-- WORK TASK --
From the data that follows, print exactly the lines starting at the one containing "A selfie picture" and ending at the one containing "L'actrice française Capucine"; include both of them and nothing more.

-- DATA TO EXAMINE --
§
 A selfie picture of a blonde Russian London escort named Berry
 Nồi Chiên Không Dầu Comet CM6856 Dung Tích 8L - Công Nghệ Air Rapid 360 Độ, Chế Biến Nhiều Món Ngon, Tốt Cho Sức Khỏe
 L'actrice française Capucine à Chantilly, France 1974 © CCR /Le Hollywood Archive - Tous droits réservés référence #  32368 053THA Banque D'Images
§
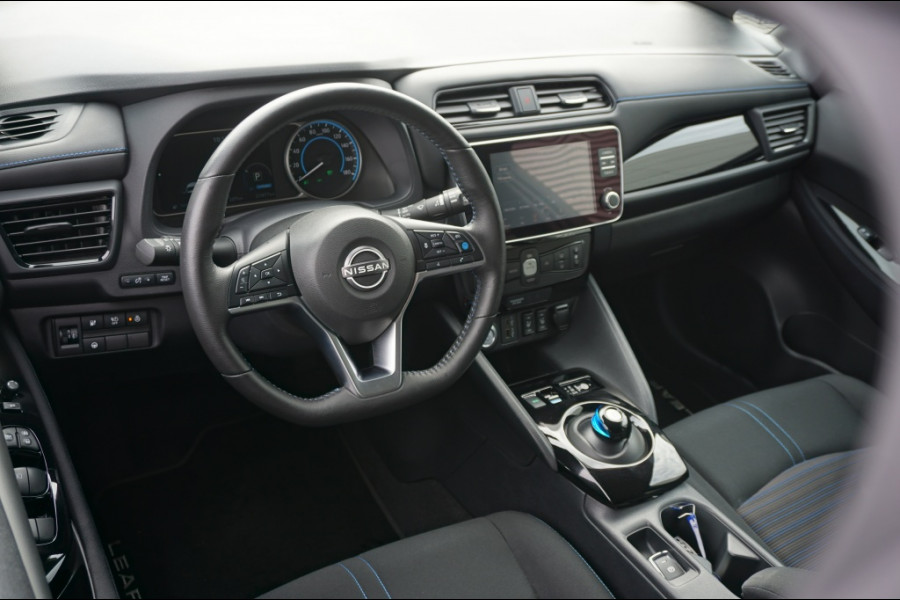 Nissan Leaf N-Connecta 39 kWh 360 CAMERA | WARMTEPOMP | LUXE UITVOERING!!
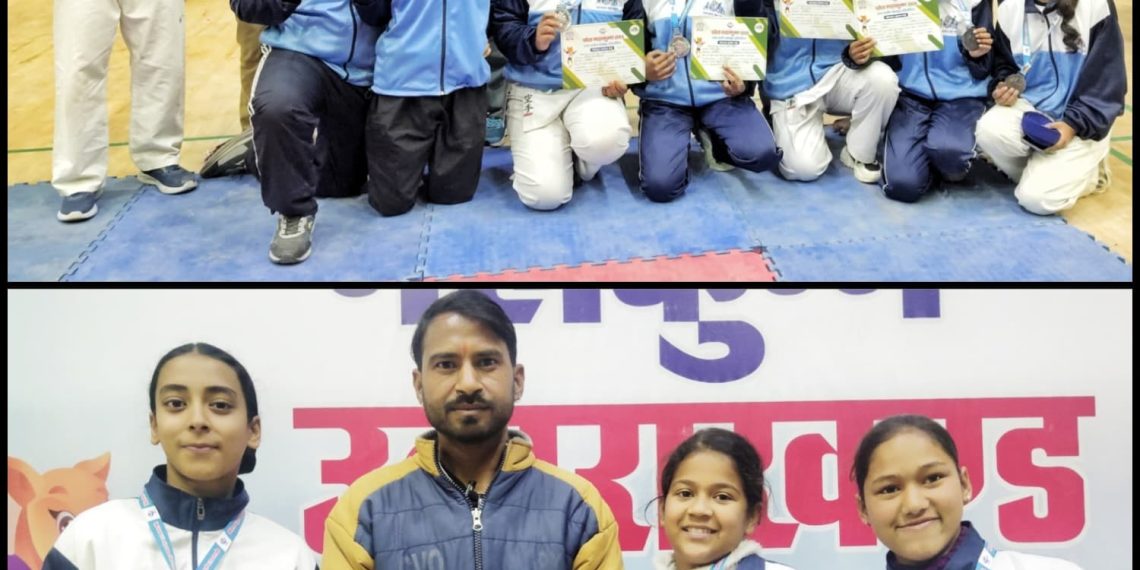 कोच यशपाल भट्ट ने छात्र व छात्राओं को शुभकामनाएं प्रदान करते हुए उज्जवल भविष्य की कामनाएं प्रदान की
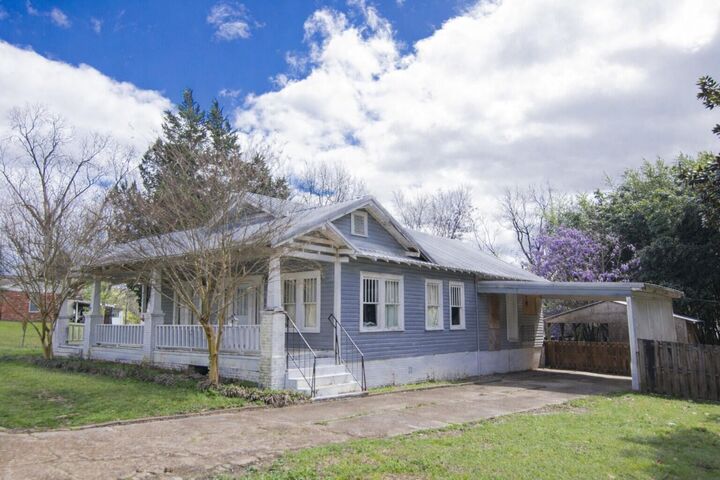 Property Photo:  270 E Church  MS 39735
§
-- PROBLEM SOLUTION --
 A selfie picture of a blonde Russian London escort named Berry
 Nồi Chiên Không Dầu Comet CM6856 Dung Tích 8L - Công Nghệ Air Rapid 360 Độ, Chế Biến Nhiều Món Ngon, Tốt Cho Sức Khỏe
 L'actrice française Capucine à Chantilly, France 1974 © CCR /Le Hollywood Archive - Tous droits réservés référence #  32368 053THA Banque D'Images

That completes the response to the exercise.